Elsewhere in Europe, two people were reported dead in Austria’s southern province of Styria as they tried to get home after nights out.
In France, Germany, Belgium and the Netherlands, airport operators struggled to clear runways amid thick snowfall, with major disruption to flight patterns.
In France, 40 per cent of flights out of Paris’s Charles de Gaulle and Orly airports were cancelled as a second wave of snowstorms hit the country’s north. Charles de Gaulle warned as many as one in five flights was likely to be cancelled today.
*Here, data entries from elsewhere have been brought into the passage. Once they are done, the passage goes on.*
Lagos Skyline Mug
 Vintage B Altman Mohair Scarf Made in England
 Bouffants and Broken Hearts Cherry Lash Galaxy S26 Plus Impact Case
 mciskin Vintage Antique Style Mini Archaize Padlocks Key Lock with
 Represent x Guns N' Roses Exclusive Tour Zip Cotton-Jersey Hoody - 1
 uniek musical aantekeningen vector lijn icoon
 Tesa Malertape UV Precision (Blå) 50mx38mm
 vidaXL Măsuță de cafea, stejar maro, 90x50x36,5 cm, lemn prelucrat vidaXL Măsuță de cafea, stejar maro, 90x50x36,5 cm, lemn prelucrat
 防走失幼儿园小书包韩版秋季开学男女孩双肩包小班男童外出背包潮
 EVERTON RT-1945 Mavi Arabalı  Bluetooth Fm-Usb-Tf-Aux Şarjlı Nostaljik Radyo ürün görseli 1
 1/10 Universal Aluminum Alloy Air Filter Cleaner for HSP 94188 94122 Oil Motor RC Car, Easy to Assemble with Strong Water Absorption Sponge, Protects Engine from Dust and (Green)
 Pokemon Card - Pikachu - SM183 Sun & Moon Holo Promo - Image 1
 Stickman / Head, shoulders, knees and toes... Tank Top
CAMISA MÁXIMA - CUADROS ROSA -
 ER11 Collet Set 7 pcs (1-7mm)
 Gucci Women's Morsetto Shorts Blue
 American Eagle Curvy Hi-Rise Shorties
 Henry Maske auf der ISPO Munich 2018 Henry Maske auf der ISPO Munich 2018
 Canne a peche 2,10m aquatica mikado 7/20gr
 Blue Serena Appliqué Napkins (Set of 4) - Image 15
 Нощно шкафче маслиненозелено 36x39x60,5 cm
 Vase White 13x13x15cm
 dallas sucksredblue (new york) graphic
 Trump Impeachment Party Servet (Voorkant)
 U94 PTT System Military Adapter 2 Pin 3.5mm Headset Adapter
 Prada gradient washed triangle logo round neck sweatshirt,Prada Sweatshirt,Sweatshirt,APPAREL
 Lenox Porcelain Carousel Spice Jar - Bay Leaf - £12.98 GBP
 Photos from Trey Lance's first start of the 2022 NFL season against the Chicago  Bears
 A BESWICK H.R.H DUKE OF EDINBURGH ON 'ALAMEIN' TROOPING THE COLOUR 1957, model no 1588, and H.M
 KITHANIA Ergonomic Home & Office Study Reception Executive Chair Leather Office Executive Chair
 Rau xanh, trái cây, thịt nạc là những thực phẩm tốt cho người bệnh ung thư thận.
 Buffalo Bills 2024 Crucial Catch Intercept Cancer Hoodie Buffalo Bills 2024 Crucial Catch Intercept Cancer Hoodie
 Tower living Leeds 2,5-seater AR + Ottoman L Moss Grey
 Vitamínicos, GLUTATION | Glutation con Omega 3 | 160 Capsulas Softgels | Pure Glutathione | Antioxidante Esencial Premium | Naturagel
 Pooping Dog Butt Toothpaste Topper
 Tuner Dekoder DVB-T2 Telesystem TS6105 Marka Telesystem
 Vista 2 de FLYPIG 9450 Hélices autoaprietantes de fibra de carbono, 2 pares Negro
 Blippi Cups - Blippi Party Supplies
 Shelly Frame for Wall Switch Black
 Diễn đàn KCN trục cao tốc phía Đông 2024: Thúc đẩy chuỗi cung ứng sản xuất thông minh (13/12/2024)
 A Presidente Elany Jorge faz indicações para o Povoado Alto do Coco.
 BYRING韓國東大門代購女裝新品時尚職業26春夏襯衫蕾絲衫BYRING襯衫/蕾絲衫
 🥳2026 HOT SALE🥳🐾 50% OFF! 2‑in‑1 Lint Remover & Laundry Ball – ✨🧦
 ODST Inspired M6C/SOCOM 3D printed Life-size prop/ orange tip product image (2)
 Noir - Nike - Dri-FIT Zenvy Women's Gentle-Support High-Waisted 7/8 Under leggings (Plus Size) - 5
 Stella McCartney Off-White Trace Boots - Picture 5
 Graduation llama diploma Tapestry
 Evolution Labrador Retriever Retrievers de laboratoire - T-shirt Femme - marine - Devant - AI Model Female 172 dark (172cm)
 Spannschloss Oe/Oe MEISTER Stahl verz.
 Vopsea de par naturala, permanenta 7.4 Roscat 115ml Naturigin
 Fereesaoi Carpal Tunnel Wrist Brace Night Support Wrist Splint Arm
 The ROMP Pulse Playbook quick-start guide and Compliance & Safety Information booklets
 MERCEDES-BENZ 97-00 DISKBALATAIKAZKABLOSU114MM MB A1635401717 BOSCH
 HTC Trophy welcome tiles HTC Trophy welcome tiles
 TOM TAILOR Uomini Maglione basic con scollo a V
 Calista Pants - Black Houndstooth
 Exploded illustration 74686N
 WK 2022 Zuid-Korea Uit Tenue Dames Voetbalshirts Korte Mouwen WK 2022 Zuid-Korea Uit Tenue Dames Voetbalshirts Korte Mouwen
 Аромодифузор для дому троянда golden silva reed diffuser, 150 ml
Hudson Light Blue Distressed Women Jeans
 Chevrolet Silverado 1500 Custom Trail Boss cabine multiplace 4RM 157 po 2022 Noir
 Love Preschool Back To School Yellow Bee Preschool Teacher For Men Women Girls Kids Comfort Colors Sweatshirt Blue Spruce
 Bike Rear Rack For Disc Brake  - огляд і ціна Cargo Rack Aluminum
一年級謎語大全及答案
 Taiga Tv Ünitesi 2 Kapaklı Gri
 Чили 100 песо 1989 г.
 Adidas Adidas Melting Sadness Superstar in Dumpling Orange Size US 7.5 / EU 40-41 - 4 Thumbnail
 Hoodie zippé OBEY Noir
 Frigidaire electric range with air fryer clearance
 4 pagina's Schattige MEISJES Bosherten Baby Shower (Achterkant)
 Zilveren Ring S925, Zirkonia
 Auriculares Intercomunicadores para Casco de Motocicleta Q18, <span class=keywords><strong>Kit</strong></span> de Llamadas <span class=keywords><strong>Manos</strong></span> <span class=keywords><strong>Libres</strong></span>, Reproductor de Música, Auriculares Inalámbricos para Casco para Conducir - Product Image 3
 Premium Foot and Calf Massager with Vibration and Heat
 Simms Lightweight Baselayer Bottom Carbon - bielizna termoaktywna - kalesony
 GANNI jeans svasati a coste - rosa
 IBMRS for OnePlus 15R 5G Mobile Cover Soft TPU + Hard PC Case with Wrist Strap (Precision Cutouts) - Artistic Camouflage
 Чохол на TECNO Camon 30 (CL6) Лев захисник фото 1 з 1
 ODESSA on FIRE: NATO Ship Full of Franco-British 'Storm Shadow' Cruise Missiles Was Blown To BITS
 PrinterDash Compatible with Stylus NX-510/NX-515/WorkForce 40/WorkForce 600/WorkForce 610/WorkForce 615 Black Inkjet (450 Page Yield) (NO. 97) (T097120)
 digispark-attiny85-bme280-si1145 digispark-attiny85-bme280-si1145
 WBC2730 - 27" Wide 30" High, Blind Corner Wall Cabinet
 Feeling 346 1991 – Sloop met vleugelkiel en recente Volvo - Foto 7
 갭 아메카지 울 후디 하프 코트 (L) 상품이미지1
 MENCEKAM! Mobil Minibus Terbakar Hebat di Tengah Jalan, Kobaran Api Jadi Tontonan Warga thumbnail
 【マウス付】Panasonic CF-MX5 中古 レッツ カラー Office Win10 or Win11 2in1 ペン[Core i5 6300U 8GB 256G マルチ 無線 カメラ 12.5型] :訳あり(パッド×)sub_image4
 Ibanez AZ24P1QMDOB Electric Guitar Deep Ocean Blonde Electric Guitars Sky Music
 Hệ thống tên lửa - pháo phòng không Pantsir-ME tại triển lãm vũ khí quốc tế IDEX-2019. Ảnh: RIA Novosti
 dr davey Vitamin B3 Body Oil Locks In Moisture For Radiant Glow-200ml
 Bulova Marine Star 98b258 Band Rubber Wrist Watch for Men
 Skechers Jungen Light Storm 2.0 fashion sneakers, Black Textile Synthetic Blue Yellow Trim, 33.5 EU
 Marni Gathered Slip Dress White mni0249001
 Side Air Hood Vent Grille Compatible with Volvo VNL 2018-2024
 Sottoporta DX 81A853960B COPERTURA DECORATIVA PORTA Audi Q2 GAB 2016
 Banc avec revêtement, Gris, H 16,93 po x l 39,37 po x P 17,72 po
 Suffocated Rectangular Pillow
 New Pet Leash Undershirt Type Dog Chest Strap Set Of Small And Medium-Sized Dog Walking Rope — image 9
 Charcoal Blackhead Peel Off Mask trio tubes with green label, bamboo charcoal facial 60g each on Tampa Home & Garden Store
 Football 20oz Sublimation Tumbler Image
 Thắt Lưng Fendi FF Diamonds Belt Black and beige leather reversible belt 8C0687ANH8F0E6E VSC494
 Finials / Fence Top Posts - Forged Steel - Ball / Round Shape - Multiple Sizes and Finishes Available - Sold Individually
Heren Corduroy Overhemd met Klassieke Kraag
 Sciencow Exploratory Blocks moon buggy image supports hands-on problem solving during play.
Germany’s third largest airport - in Duesseldorf - was also closed because of yesterday’s heavy snow, authorities said. In Belgium, the three biggest airports -Brussels, Charleroi and Liege - were completely shut. Severe delays and cancellations were reported at Amsterdam’s Schiphol airport.
In Britain, officials at Manchester Airport - the busiest outside the London area - suspended flights for 90 minutes as staff moved snow and de-iced a runway.
The weather also affected
rail travel across northern Europe, with Austrian trains brought to a standstill because of frozen points.